A small habit has turned into a bigger family dispute. A recent Reddit thread asked, "Am I in the wrong for locking up my snacks so my family can’t take them without asking?" He went on to say he lives at home and buys his own snacks with his internship allowance. If the snacks are left in the kitchen, they get eaten, so he keeps them in his room. Even doing so, his parents and younger sibling still come into his room and take his snacks without asking.

He's asked them to stop and at least ask first, but they laugh it off and tell him it's not a big deal. After it happened repeatedly, he bought a lockbox and locked up his snacks.
His family says he's selfish for doing this and mean for refusing to share. He said that he doesn't mind sharing if people ask, but he doesn't like his snacks being eaten without permission. He's wondering if he's in the wrong with his line of thinking. The internet came in quickly, with varied comments.
The reactions
Most of the comments said he wasn't in the wrong, but a couple disagreed.
One person said, "Sharing is the conscious decision to bring your snacks to someone else. Theft is someone else's conscious decision to take your snacks without your knowledge or consent."
True. If his family knew he didn't want to share, taking the snacks would be stealing, especially since he'd moved them from the kitchen to his room. If that isn't a clue, they're blatantly overlooking.

Another comment said, "I'm a mom and I hide snacks for myself. I get mad when they get stolen lol. Sometimes after a long day I just want to enjoy a treat at night by myself, and if I go to find it missing, it ruins my whole mood."
Any parent can probably relate to this. Kids are known for grabbing food and eating it, but grown-ups should know better.
This comment laid it out there. "You aren't going to make them happy except by giving in and endlessly supplying them with free snacks." Precisely. His family wants snacks for free. They won't agree with him until he decides to share.
Then there was this factual statement. "I'd get a lock for your room as well."
It's not a bad idea. If they're offended by looking at the lockbox, he could always get a lock on his door so that they don't even get that far into his room. It might be an issue, though it's not his house.
Another comment said, "And if I were you, I'd buy some gluten-free, sugar-free, fat-free, no salt snacks, you know stuff that tastes like cardboard, leave them out as a decoy, and tell them I'm trying to eat healthier."
This would be such a passive-aggressive way to handle the issue, plus it would cost a lot of extra money just to prove this point.
One person said, "This isn't normal, family stealing your snacks and not asking, or at the very least not replacing." It's not normal. They're not respecting his wishes or boundaries, and are validating what they're doing by blaming him.
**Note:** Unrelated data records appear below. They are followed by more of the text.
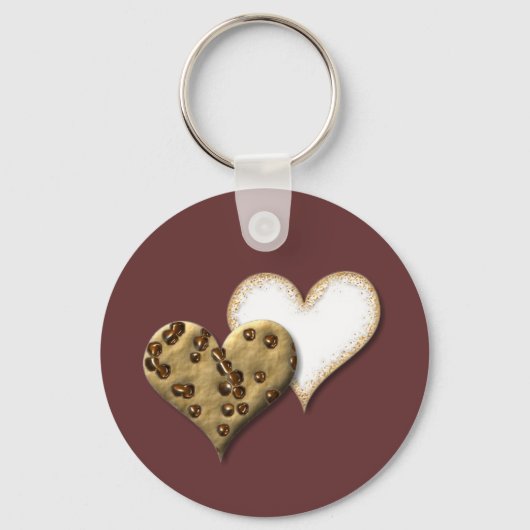 Porte-clés Sweet Cookie Love (Recto)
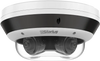 Silarius Pro Series SIL-MSD16MP288 16MP Outdoor Multisensor Network Dome Camera with Four 2.8-8mm Lenses & Night Vision (NDAA Compliant)
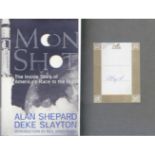 Apollo 14 - Alan Shepard. Hardback copy of Shepard's autobiography, 'Moon Shot'. Good Condition. All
Here's a thought. "Tell your family the store is public and they can go buy their own snacks anytime." They can. They can all walk right out the door and head to the store to buy whatever snacks they want.
One person actually thought he was in the wrong. "I’m sure you eat the food they bought without asking, use the hot water they pay for without asking, and use up any other resources."
These are valid points. He doesn't mention whether he's paying rent or any other expenses while living there, but it's worth considering when filing a complaint.
Last, but not least. "Family can be your biggest enemy. Their entitlement is disgraceful." Family is supposed to be the people you trust. Sadly, he has to lock up the snacks that he paid for just because they refuse to listen to or accept his wishes.

Setting boundaries with family without turning it into a fight
Conflicts like this often aren’t really about snacks or even sharing. They’re about expectations and respect. In many families, shared space can blur the line between what belongs to everyone and what belongs to one person, especially when adult children are still living at home.
Clear boundaries work best when they are communicated calmly and consistently. Instead of focusing on the item itself, it can help to explain the reason behind the boundary, such as wanting basic courtesy or acknowledgment before something is taken. Framing it as a respect issue rather than a possession issue can reduce defensiveness.
It’s also important to recognize that boundaries are not punishments. Locking something up is often a last resort after repeated requests have been ignored. When family members dismiss those requests as “not a big deal,” it can erode trust and lead to stronger measures.
Healthy family dynamics depend on mutual respect. Wanting your belongings left alone unless you give permission is a reasonable expectation, not a sign of selfishness.
When repeated requests are brushed aside, frustration is a natural response. Setting firmer boundaries does not automatically make someone selfish, especially when those boundaries come after multiple attempts to handle the issue calmly.